Jugement récent – La Cour d’appel du Québec accorde à un franchiseur des dommages équivalents à dix ans de redevances

Un franchiseur peut-il réclamer d’un franchisé en défaut des dommages équivalents aux redevances prévues pour toute la durée du contrat?

C’est là l’une des questions à laquelle a répondu, le 25 avril dernier, la Cour d’appel du Québec par le jugement qu’elle a rendu dans l’affaire opposant le franchiseur Les Billards Dooly’s inc. à un ancien franchisé, Les Entreprises Prébour ltée (que vous pouvez lire en cliquant ici).

La situation qui a mené à ce jugement est quelque peu complexe et découle d’une série d’ententes intervenues aux fins d’un projet (qui ne s’est finalement jamais concrétisé) d’implantation de deux franchises Dooly’s en Outaouais.

Le volet de ce jugement qui retient l’attention est celui portant sur le calcul des dommages accordés au franchiseur par la Cour d’appel du Québec après que celle-ci eut conclu que le franchisé avait fait défaut de respecter ses engagements en vertu d’un protocole d’entente signé avec le franchiseur et qu’il avait aussi abusé de ses droits en refusant de signer les conventions de franchise soumises par le franchiseur.

En première instance, la Cour supérieure du Québec avait accordé au franchiseur des dommages équivalents aux droits de franchise dont il avait été privé par la faute du franchisé, mais avait refusé de lui accorder des dommages pour la perte des redevances prévues pour la durée des contrats au motif que « le préjudice allégué par Dooly’s est manifestement incertain, voire hypothétique ».

La Cour d’appel du Québec a énoncé pour sa part que le calcul des dommages auxquels a droit un franchiseur dans le cas où un contrat de franchise se terminait avant la fin de son terme en raison d’un défaut (ou d’une faute) du franchisé devait se faire en s’en tenant « aux règles habituelles qui exigent la preuve par prépondérance des probabilités d’une faute, d’un lien de causalité et d’un préjudice ».

Ainsi, en cas de résiliation prématurée d’un contrat de franchise causée par le défaut ou la faute du franchisé, « le préjudice correspond aux bénéfices que Dooly’s aurait tirés des deux contrats de franchise » (dont le premier avait une durée prévue d’un an et le second de dix ans).

Selon les expertises produites par le franchiseur ainsi que, dans cette affaire, en fonction des prévisions de ventes faites par les parties elles-mêmes dans leur protocole d’entente, la Cour d’appel du Québec a évalué les dommages subis par le franchiseur à une somme équivalente au plein montant des redevances auxquelles il aurait eu droit pour toute la durée des deux contrats (soit 26 000$ pour le contrat d’une durée d’un an et 240 000$ pour celui d’une durée de dix ans).

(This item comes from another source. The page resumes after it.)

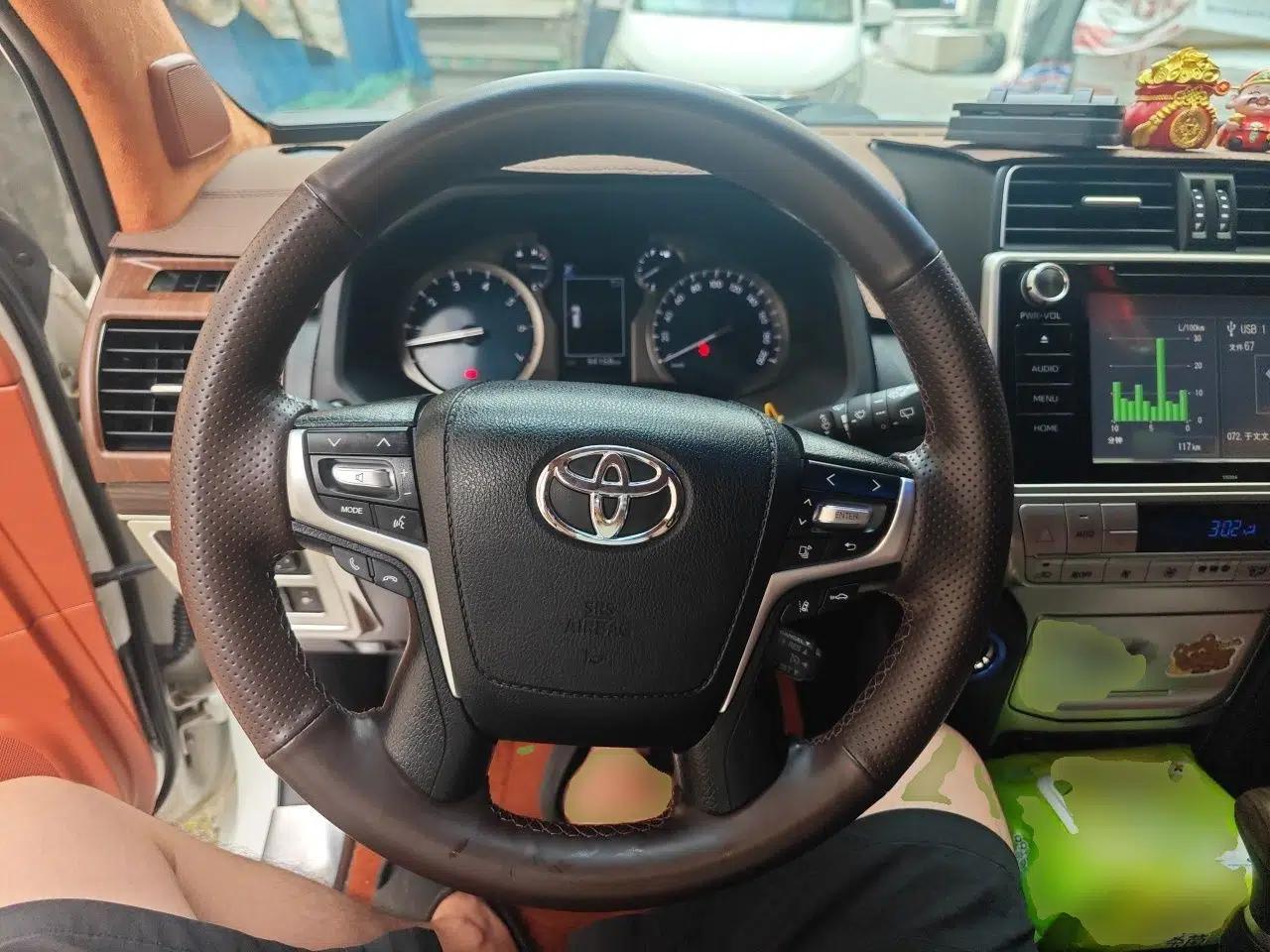 Toyota Prado 2018 3.5L Automatic TX-L with Rear-Mounted Spare Tire — миниатюра 10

Comme ces sommes étaient accordées à titre de dommages compensatoires et sans fourniture de services ou de biens, la Cour d’appel a jugé qu’il n’était pas opportun d’y ajouter les taxes.

Par contre, la Cour d’appel a refusé la réclamation du franchiseur pour la contribution du franchisé au fonds de publicité pour le motif qu’aucun bien ou service n’avait été fourni à cet égard par le franchiseur (et en notant que, de toute façon, il s’agissait là de montants modestes en l’espèce).

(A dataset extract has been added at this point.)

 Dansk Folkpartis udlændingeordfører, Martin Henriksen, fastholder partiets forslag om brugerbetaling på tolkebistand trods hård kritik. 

Enfin, et surtout pour la convention d’une durée de dix ans, la Cour d’appel s’est aussi prononcée de la façon suivante sur l’argument du procureur du franchisé à l’effet que le franchiseur avait l’obligation de minimiser ses dommages :

« Il est vrai que l’obligation de minimiser de Dooly’s trouve application pour une période aussi longue, mais la preuve a établi la difficulté de trouver un local adéquat, le marché limité du secteur et l’absence de disponibilité d’autres permis d’alcool et de licence pour des ALV dans la région en raison d’un moratoire. Aucune réduction ne s’impose. »

La Cour d’appel a également condamné le franchisé à rembourser au franchiseur ses frais d’expertise de 100 517,43$.

Ce jugement illustre bien la mesure des dommages que peut réclamer un franchiseur d’un franchisé qui, par sa faute, cause la fin d’un contrat de franchise avant l’expiration de son terme.

Évidemment, une réclamation en dommages pour les redevances perdues pour toute la période non écoulée du contrat requiert que le franchiseur fasse la preuve de tels dommages (par prépondérance des probabilités) et le montant de ces dommages est toujours sujet à réduction par le tribunal pour tenir compte des aléas dans l’évaluation de cette perte et de la possibilité pour le franchiseur de les minimiser (notamment en faisant des efforts appropriés afin de trouver un nouveau franchisé pour remplacer celui dont le contrat a pris fin).